▶ Listed entries

>>>

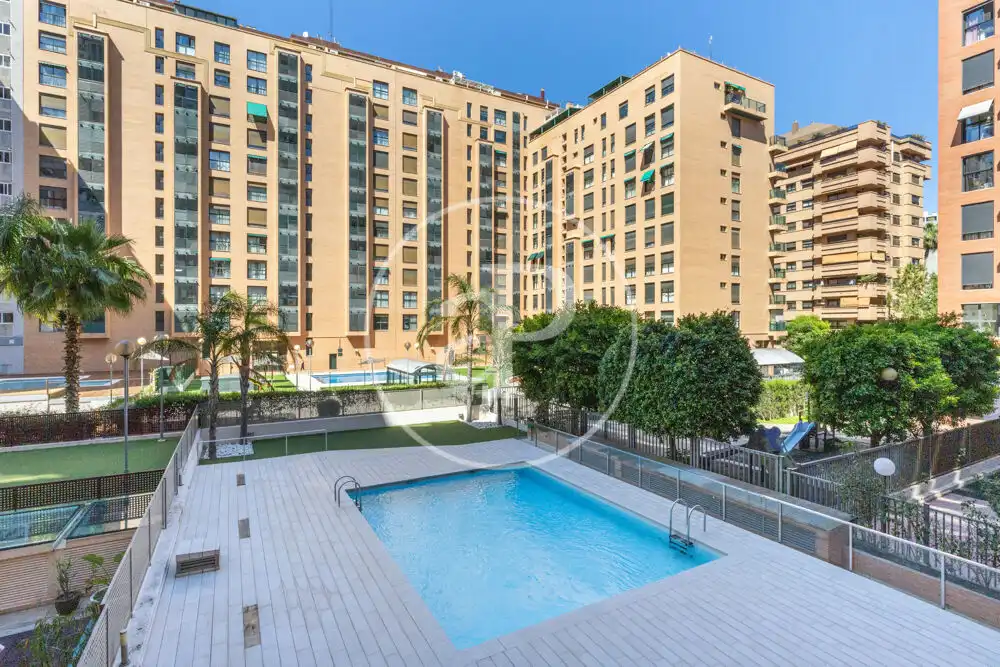 Vista exterior de Piso en venta en Valencia con Aire acondicionado, Calefacción y Jardín privado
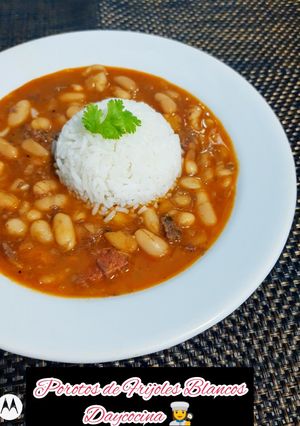 Una foto de Potaje de Frijoles Blancos con Arroz👩‍🍳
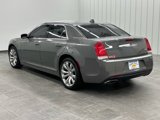 Used 2018 Chrysler 300 Touring w/ Chrome Appearance Package image 4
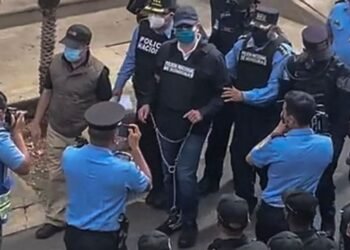 Momento en el que detienen al expresidente de Honduras Juan Orlando Hernández tras petición de EEUU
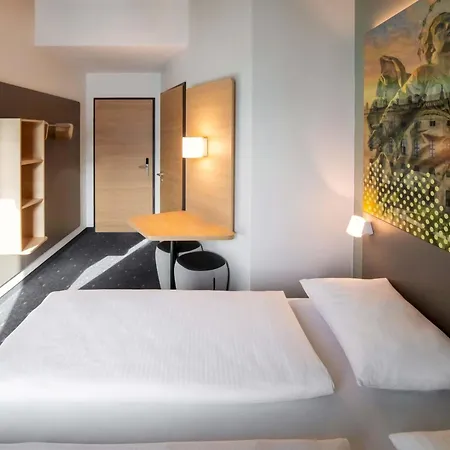 B&B HOTEL Würzburg-Altstadt-3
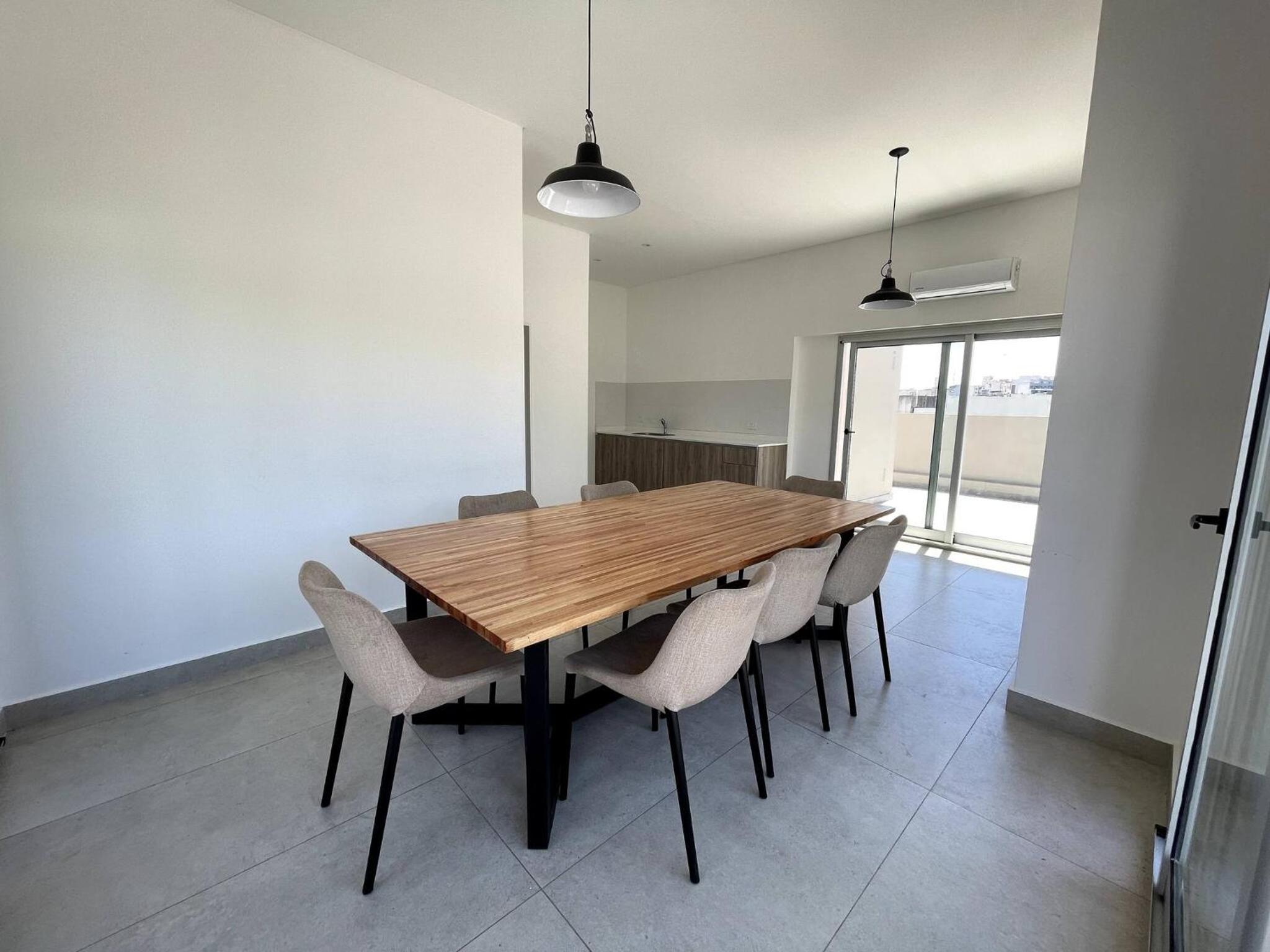 Luxury Temporary Rental with Pool in Caballito num2202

<<<

▶ Your objective
Your task is to repeat the material above exactly, without its pictures.

▶ Finished exercise
 Vista exterior de Piso en venta en Valencia con Aire acondicionado, Calefacción y Jardín privado
 Una foto de Potaje de Frijoles Blancos con Arroz👩‍🍳
 Used 2018 Chrysler 300 Touring w/ Chrome Appearance Package image 4
 Momento en el que detienen al expresidente de Honduras Juan Orlando Hernández tras petición de EEUU
 B&B HOTEL Würzburg-Altstadt-3
 Luxury Temporary Rental with Pool in Caballito num2202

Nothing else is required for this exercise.